"So if the sherry glass is full
But the day is way too young
You'd better sip today, sip today, sip today
Before it's gone."
- Live
So, Sir Bob Geldof, presumably running short of things to do, decided that London at the end of the year was a slightly too drab place for his taste and he got the idea of colourfully gift-wrapping a number of London's greatest buildings. And how could that be wrong? They came online on successive weekends leading up to Christmas: The Tate Britain, the Queen's House in Greenwich, the National Theatre. The themes were picked by celebrities, or by popular vote. I went out on one of the first weekends, it was deathly cold, I was alone, I was waiting for the sun to go down. So that I could see. I went to Hyde Park Corner, where broods Wellington Arch.
- Wellington Arch, in the last of God's light
While I waited and shivered, I couldn't help but notice that I was surrounded by a series of war memorials. Behind me was the Australian war memorial. It's probably passed a lot of people's notice, but Australians have fought and died in pretty much all the major wars of the last century. Tucked away down there at the "arse end" of the globe, they probably could have stayed out of all kinds of trouble. But instead they did their bit. Always have done. One of the inscriptions I read here intoned that this memorial:
"honors the commitment of Australians who served alongside Britain and her Allies in defence of freedom in the first and second world wars: Whatever burden you are to carry, we will also shoulder that burden."
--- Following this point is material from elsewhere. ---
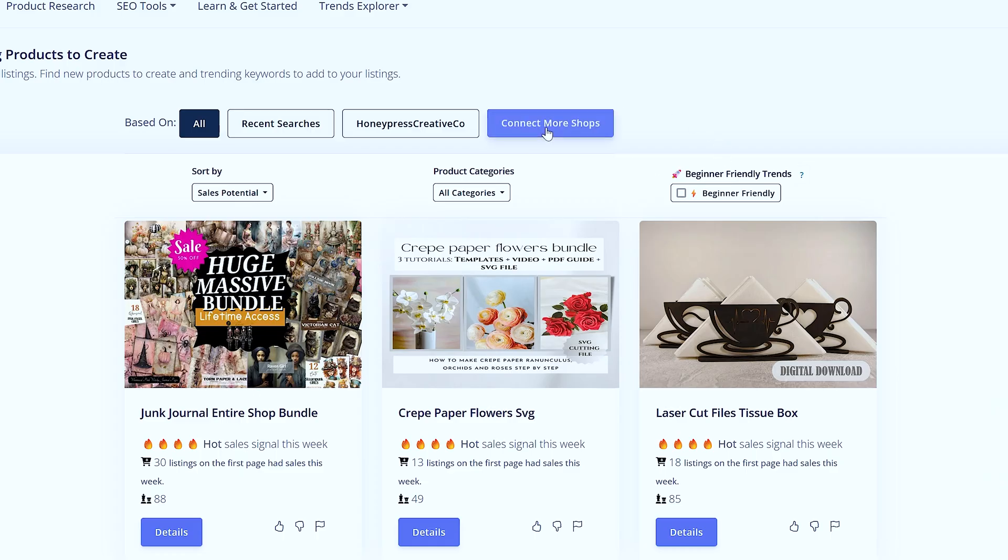So hopefully you have a bit of an idea on how to connect your store to Insight Factory and get those tailored product ideas, which are just for you.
Feeling someone looking over my shoulder, I spun awkwardly and found this altogether imposing guy behind me. Yes, those are artillery shells on his legs (four of them). I realised he's part of a memorial to the artillerymen who died in the two world wars. I'm dumbfounded when the first plaque informs me that 49,076 artillerymen alone died in the Great War. And another 29,924 in WWII. (Weren't those guys behind the lines?)
You may have noticed, as I did, that the base of the memorial was strewn with wreaths of poppies.
Remembrance Day
So, for several weeks late in the year, everytime I tried to enter or exit a Tube station, someone tried to sell me a poppy for my lapel. It seemed everyone else in London had already bought theirs, sporting them on coats and blouses and hats. I kept dodging poppy sellers on platforms thinking they were for some awareness month or other. Prostrate cancer, perhaps. (Though I shouldn't joke about even that.) There were even posters put up here and there by the "Poppy Appeal". But neither they, nor anything else, explained to me what the poppies were for. As a silly immigrant, I needed explaining. It took another American (Josh, down from Edinburgh) to set me straight.
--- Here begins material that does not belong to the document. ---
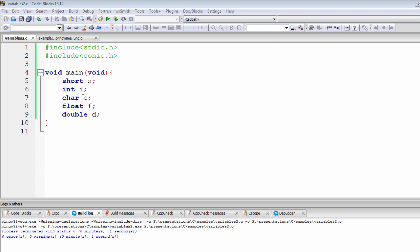Before we move on to initialization, we need to look at how variable definition works and what the difference is between variable definition and variable declaration. You will find these terms used by many programmers, especially when studying C and other programming languages. Variable declaration and variable definition are two distinct terminologies with different usage. The definition part is actually assigning a value inside the memory.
It turns out the poppies are a symbol of national respect in the run-up to . . . Remembrance Day. On (or around) that day, the whole nation takes a moment of silence to remember and give thanks to the millions who went off and fought and died so that they could all now live in spectacular freedom, security, and prosperity. Here's a whole nation giving thanks to the soldiers who gifted them with that nation, every year, for like two weeks of the year. And I felt so awed, and ashamed of my previous lack of understanding, and just thought it was so completely lovely. And such a statement on the British national character. (I don't intend to demean our U.S. Memorial Day, but it does really just involve a lot more taking a day off from work and grilling than it does solemn remembrance and gratitude.)
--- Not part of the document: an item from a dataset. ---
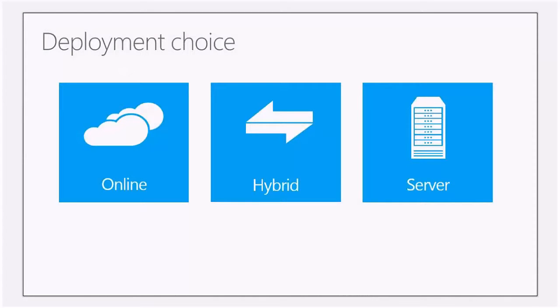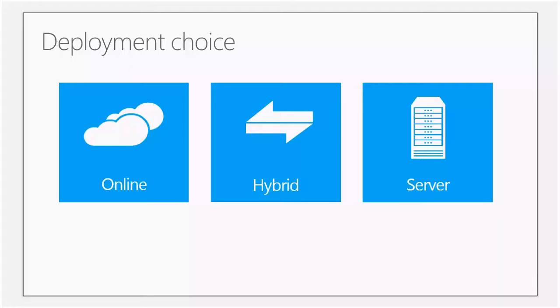If it comes to Lync, we have different deployment choices, and that's the super high-level view. On the very left, we can have Lync Online, Office 365 Multi-Tenant, where all my users are online and all services are consumed online.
It was further explained to me (by Jacqui, this time, I think), that the symbol of the poppy comes from WWI. When the guns fell silent, and they went out between the lines to gather the dead, they found that the fields were spectacularly abloom with poppies so well fertilised was the ground. And, suddenly, after 15 years, I understood the Sting lyric:
"Poppies for young menAnyway, after my survey of the momuments I turned again to find that Wellington Arch had been well brightened up (in a series of images that rotated every ten minutes or so): Jacqui and Jonathan and I later went out, on Christmas Eve, to see the National Gallery and Buckingham Palace brightened up:
Death's bitter trade"
- National Gallery
- "To Michael, From the Queen"
- falling snow
- Rule, Britannia
- Rule, Britannia . . . in the snow
- Perhaps the Palace would be better rendered by an eight-year-old
- A more creative eight-year-old!
I decided, by the way, to spend the holidays here, mainly because I didn't like to think of turning around and re-crossing the Atlantic so soon. It would have felt like day-camp, rather than real, overnight camp. It would be my first Christmas away from my family in about ten years and, I think, my first really alone. I figured, hey, one year, how big a deal can it be? I sent gifts, and I called everyone on Christmas day, and I received gifts (in that order! ;^), and my few-in-number-but-huge-in-heart friends here were great. But it was a little lonely, and a little hard. It's a little bigger deal than I thought. And it led to my first period of being really down since I've been here. Of course, you can't be exuberant all the time so much less so if you're me, I'm afraid. But, as always, and as someone or other is fond of saying, life could certainly be a hell of a lot worse. But it still seems quite sad. Enduringly so.